I know my anxiety about driving will ease as I get more experienced and I hope that these tools will keep me calm in the meantime. I should also point out that alongside this anxious feeling I get about driving is a feeling of exhiliration. No more waiting for the bus in the rain. No more phone calls to my dad for a 'lift'. It is awesome and I know that, I'm just battling through a few butterflies to get there.

Do you have any butterfly-taming tips?

Saturday 25 January 2014

growing up




This week... has been a good week. The best part was probably (definitely) yesterday when I passed my driving test with just two minors. And I had a parallel park, the most fear-inducing manoeuvre of all manoeuvres. The first time I took the test I was a bag of nerves and made one silly mistake that lead to me failing. This time it would appear luck, and confidence, were on my side. 

Being a 27 year old woman who lives with her parents and can't drive really messes with your head. There are times when I look at how successful other people my age are and wonder - what the hell did I do wrong? But you know what I've come to realise - I was figuring myself out. I went to university, got a degree and spent a year living like a student after it was over (and somehow managed to have an awesome time living with friends on a pitiful retail manager's wage). After that I saved to travel to Thailand. After that I fought for years to get a writing job, and eventually, one year ago - I got it.

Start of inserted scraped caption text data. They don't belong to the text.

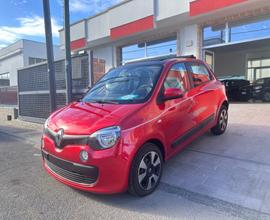 Renault Twingo SCe Life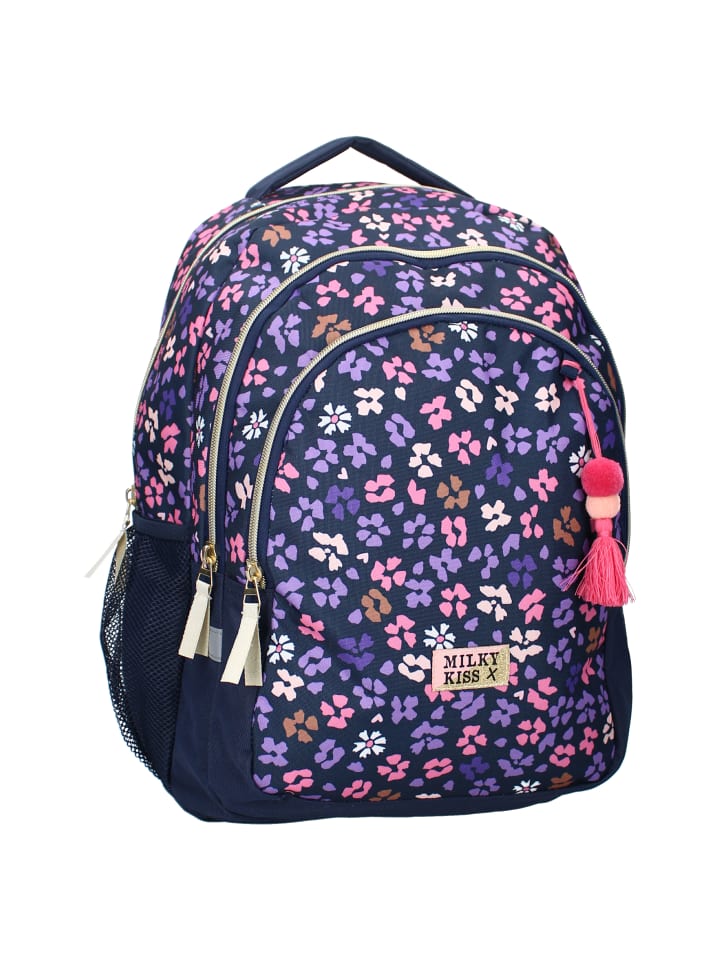 VADOBAG Рюкзак фиолетового цвета
VADOBAG Рюкзак фиолетового цвета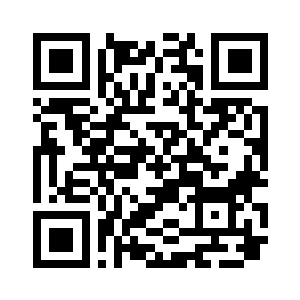 可是他仍然不离不弃地救了她二维码生成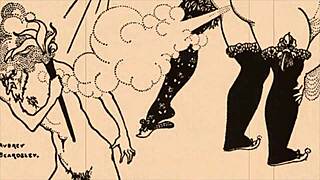 vintage erotic drawings from retro anime and hentai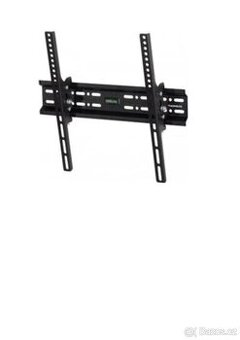 Nástěnný držák Thompson WAB156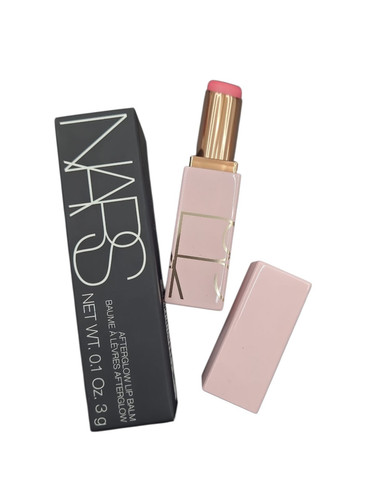 Nars afterglow lippenbalsam - nars,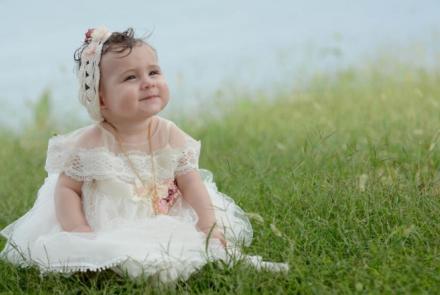 ΠΑΛΛΑΔΙΝΟΣ ΑΓΓΕΛΟΣ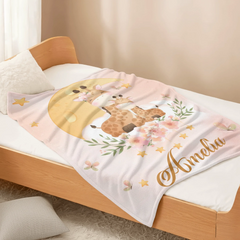 blanket_mockup_p1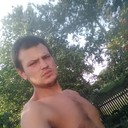  ,   , 28 ,   ,   , c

Now I feel I can take control of those missing bits that make you feel like a 'grown up'. I learnt to drive. I'm planning to move out with the love of my life. I drink tea and coffee now (and I'm trying to like red wine and olives).

So, yeah - it may have taken me a bit longer to get here than most people, but I think for the first time in my adult life I can safely say, it's all starting to come together.

Other things I did this week:

drank yummy coffee in Guildford

went on Pinterest more than I would like to admit

took the healthy option when it came to pudding (greek yoghurt, blueberries & honey)

saw some candy floss skies

How was your week? 

Friday 17 January 2014

this week






Has anyone else found it incredibly difficult to pull themselves out of hibernation mode from Christmas? Well, this week I finally dragged my ass out of it. I've started exercising and practicing yoga again, I'm blogging again (obvs) and I've pushed my driving test forward so I can finally get it done and out of the way. On top of all that productiveness, I've also done the following:

went out for lunch with my love and enjoyed an elderberry fizz
got inspired by Oh Comely magazine
caught a glimpse of my mum's past life in Jamaica
wore my lovely necklace I got for Christmas
watched lots of Grey's Anatomy and cried (a lot)
used some sleep balm to help me drift off to sleep
ate lots of blueberries

I also downloaded an album by Piers Faccini because I heard this amazing song on an episode of Grey's:





 What did you do?

Tuesday 14 January 2014

guess who's back...



Yeah, I'm back. For how long? Who the hell knows. All I know is that I miss writing for fun, for myself - and I want to start doing it again. And my trusty blog Limbo, with it's trendy handwritten fonts and illustrated versions of me is where I'll be doing it.

I've come to the realisation that I am not a fashion blogger. As hard as I may have tried in the past - documenting my outfits and trying to think up witty post titles just isn't my bag. I love reading these kinds of blogs, don't get me wrong, I just found it exhausting trying to do it myself. I also felt as if I was spending too much time trying to look like I was having an awesome life - rather than actually living one.

So that's what I've been doing since my last post - living life. I've been working, playing, laughing, kissing, crying - all that jazz. Sometimes I take photos of it (Instagram: @katnicholls), sometimes I forget. For now, I'm just committing to writing a blog once a week (probably Fridays) telling you about my week and possibly slipping in a bit of creative writing/rambling.

We'll see where it goes.

I'm not sure if anyone will bother reading this anymore and I don't expect anyone to. I'm kinda treating it like a diary for now and if anyone wants to take a peek and join in - that's great.

First proper post will be on Friday, maybe I'll see you then?